We recruited 730 traumatic patients in the department of Orthopaedics at Shanghai Jiao Tong University Affiliated Sixth People’s Hospital. Cases were 146 patients with HO (53 women; age range, 9–60 years) and control 1 group (Ctrl 1) were 292 age- and sex-matched patients without HO after taking arthrolysis for the stiff elbow (106 women; age range, 9–60 years) and control 2 group (Ctrl 2) were 292 age- and sex-matched patients with fracture healing after open reduction internal fixation (106 women; age range, 8–60 years). HO was diagnosed independently by a radiologist and an orthopedic surgeon, who were blinded to the treatment which patients received.
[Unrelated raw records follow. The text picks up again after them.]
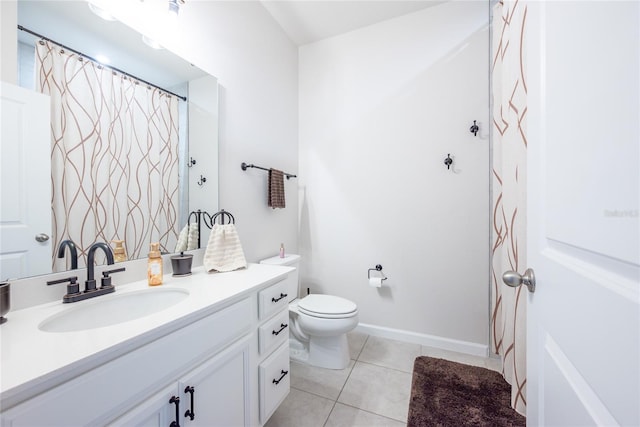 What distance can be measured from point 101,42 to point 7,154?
57cm

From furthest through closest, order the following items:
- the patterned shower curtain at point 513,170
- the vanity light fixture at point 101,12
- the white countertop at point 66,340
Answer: the patterned shower curtain at point 513,170 < the vanity light fixture at point 101,12 < the white countertop at point 66,340

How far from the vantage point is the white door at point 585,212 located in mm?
336

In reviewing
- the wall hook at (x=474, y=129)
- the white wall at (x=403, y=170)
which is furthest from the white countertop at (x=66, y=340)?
the wall hook at (x=474, y=129)

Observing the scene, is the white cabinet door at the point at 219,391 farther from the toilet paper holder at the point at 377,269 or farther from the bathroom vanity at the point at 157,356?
the toilet paper holder at the point at 377,269

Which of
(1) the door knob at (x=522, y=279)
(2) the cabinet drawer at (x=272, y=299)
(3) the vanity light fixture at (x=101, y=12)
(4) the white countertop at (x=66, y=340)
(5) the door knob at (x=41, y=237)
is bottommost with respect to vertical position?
(2) the cabinet drawer at (x=272, y=299)

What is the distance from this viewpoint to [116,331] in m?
0.69

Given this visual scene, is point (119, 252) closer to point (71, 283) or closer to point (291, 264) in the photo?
point (71, 283)

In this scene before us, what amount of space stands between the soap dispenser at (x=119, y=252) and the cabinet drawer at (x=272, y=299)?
611 mm

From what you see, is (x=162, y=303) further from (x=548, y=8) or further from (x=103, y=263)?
(x=548, y=8)

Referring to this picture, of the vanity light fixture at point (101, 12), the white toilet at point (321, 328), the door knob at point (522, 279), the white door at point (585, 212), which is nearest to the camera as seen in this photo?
the white door at point (585, 212)

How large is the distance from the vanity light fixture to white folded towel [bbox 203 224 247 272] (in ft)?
3.26

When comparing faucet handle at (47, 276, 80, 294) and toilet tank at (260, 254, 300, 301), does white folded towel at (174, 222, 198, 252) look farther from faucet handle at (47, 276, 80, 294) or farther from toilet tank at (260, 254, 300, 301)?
toilet tank at (260, 254, 300, 301)

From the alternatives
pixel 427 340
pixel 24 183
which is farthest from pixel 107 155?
A: pixel 427 340

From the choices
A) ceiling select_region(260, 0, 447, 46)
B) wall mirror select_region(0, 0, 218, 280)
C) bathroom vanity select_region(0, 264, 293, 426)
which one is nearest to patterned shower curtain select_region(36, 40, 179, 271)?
wall mirror select_region(0, 0, 218, 280) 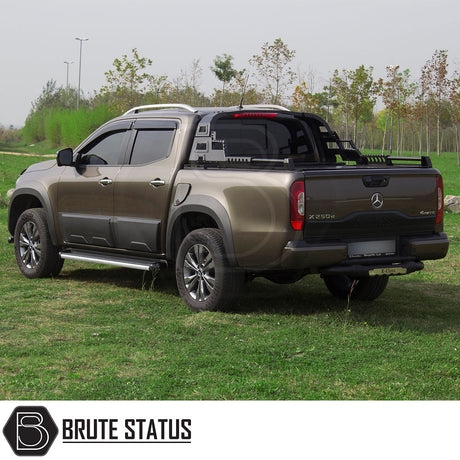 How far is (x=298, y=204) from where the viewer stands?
6.35 m

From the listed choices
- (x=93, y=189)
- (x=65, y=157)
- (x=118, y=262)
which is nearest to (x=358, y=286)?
(x=118, y=262)

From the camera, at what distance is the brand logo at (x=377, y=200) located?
6695mm

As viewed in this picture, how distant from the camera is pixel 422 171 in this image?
7.08 metres

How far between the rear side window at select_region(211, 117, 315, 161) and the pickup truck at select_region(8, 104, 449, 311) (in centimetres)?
1

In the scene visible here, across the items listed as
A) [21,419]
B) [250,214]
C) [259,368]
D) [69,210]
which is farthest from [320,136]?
[21,419]

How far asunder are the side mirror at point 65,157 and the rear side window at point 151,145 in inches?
35.1

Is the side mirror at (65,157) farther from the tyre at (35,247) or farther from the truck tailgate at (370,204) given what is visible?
the truck tailgate at (370,204)

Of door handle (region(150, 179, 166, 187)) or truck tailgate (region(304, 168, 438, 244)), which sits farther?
door handle (region(150, 179, 166, 187))

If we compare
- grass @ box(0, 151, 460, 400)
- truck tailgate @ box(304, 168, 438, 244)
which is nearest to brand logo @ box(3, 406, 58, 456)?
grass @ box(0, 151, 460, 400)

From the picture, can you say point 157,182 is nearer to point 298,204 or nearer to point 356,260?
point 298,204

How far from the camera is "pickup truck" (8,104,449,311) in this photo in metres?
6.50

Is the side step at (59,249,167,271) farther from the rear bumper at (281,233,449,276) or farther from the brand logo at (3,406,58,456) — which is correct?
the brand logo at (3,406,58,456)

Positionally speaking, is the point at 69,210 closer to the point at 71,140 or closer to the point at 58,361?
the point at 58,361

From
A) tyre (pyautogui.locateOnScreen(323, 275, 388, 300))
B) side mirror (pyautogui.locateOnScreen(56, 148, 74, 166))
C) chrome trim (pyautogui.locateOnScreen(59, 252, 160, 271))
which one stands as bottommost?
tyre (pyautogui.locateOnScreen(323, 275, 388, 300)) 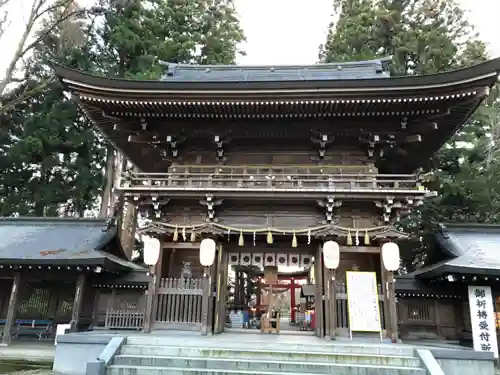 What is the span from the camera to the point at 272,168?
10.8 metres

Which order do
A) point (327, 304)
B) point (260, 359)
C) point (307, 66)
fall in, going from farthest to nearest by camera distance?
point (307, 66) → point (327, 304) → point (260, 359)

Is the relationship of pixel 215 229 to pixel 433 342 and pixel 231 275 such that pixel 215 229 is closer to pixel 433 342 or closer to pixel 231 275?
pixel 433 342

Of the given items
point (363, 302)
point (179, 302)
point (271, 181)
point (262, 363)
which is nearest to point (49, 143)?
point (179, 302)

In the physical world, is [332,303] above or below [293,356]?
above

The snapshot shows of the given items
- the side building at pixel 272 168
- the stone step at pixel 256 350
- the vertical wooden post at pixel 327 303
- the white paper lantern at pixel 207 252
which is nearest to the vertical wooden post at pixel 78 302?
the side building at pixel 272 168

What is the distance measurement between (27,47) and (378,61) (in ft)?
50.0

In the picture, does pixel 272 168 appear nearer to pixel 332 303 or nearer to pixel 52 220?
pixel 332 303

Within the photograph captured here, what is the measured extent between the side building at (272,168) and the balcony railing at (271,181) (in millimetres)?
37

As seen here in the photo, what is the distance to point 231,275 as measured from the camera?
18062mm

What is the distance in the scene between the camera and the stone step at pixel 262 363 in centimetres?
690

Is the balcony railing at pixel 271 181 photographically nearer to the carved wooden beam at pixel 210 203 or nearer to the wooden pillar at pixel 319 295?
the carved wooden beam at pixel 210 203

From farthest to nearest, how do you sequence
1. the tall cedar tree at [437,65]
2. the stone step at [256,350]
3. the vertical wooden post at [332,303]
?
the tall cedar tree at [437,65] < the vertical wooden post at [332,303] < the stone step at [256,350]

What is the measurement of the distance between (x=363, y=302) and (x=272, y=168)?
173 inches

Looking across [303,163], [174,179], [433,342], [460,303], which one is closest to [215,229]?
[174,179] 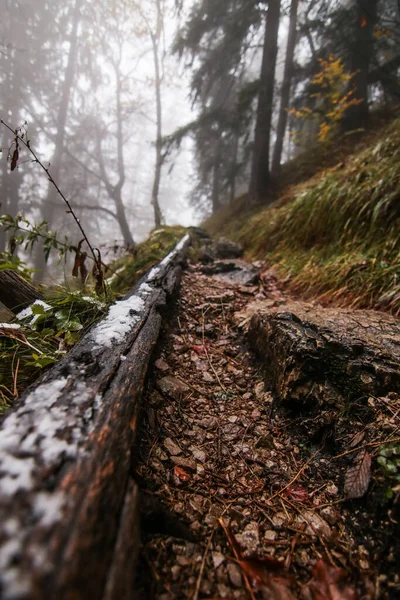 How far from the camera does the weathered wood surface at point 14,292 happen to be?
179 centimetres

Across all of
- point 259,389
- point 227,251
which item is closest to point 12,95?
point 227,251

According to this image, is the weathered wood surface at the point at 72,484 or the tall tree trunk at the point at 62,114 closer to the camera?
the weathered wood surface at the point at 72,484

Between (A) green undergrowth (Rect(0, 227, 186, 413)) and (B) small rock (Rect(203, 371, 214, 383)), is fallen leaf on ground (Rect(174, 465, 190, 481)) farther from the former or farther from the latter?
(A) green undergrowth (Rect(0, 227, 186, 413))

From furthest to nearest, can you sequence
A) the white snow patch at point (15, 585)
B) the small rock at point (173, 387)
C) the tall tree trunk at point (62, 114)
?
the tall tree trunk at point (62, 114) → the small rock at point (173, 387) → the white snow patch at point (15, 585)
Exclusion criteria included affected bone metabolic diseases, renal dysfunction (serum creatinine >2 mg/dl), mental disorder, diabetes mellitus, hyperprolactinemia, rheumatoid arthritis, malabsorption syndromes, malignant tumors, hematological diseases, or a history of pathological fractures, or patients with medications of glucocorticoids, estrogens, thyroid hormone, parathyroid hormone, floride, bisphosphonate, calcitonin, thiazide diuretics, barbiturates and antiseizure medication. Trained stuff (n = 730) administered a detailed questionnaire face to face. Samples of ectopic bone from patients with HO and serum from all participants of each group were obtained between October 2010 and November 2014. Venous blood samples were drawn for measuring serum level of miR-630 within 8 hours after injury and 3 months and 1 year after surgery, respectively. Serum miR-630 level was measured using qRT-PCR. This study was approved by our ethics committees and was conducted in accordance with the principles of the Declaration of Helsinki.

qRT-PCR analysis for miR-630 of serum

For qRT-PCR analysis of miR-630, TaqMan miRNA reverse transcription kit and a TaqMan miRNA assay kit (Applied Biosystems, Foster City, CA, USA) were used. Quantitative real-time PCR was performed on the ABI PRISM Sequence Detection System (AppliedBiosystems). The mean C_t values of each sample were determined from triplicate reactions. The relative expression level of miR-630 examined was calculated by log₂|2 ^DC_t|, in which DC_t was defined as the subtraction of the C_t value of the miR-630 from the C_t value of internal control U6 small nuclear RNA, respectively.

Statistical analysis

SPSS 15.0 software (SPSS Inc., Chicago, IL, USA) was used for statistical analysis. All values are expressed as the Mean ± SEM of at least three separate experiments, using a two-tail Student’s t test to carry out comparisons of two independent groups. P value of < 0.05 was considered to be statistically significant. The AUC was used to compare the ability of miR-630 to discriminate patients with “HO” from those with other processes leading to bone formation. The optimal cut-points of miR-630 for indicating patients with HO were determined on the basis of the maximal of the Youden index (sensitivity plus specificity minus 1) with approximately equal weight being given to sensitivity and specificity.

Study approval

This study was conducted according to the principles expressed in the Declaration of Helsinki. The clinical study and all mice experiments were reviewed and approved by the ethical committee of Shanghai Jiao Tong University Affiliated Sixth People’s Hospital. All participants in this study or their parents or legal guardians have signed written informed consent for the collection of samples and subsequent analyses.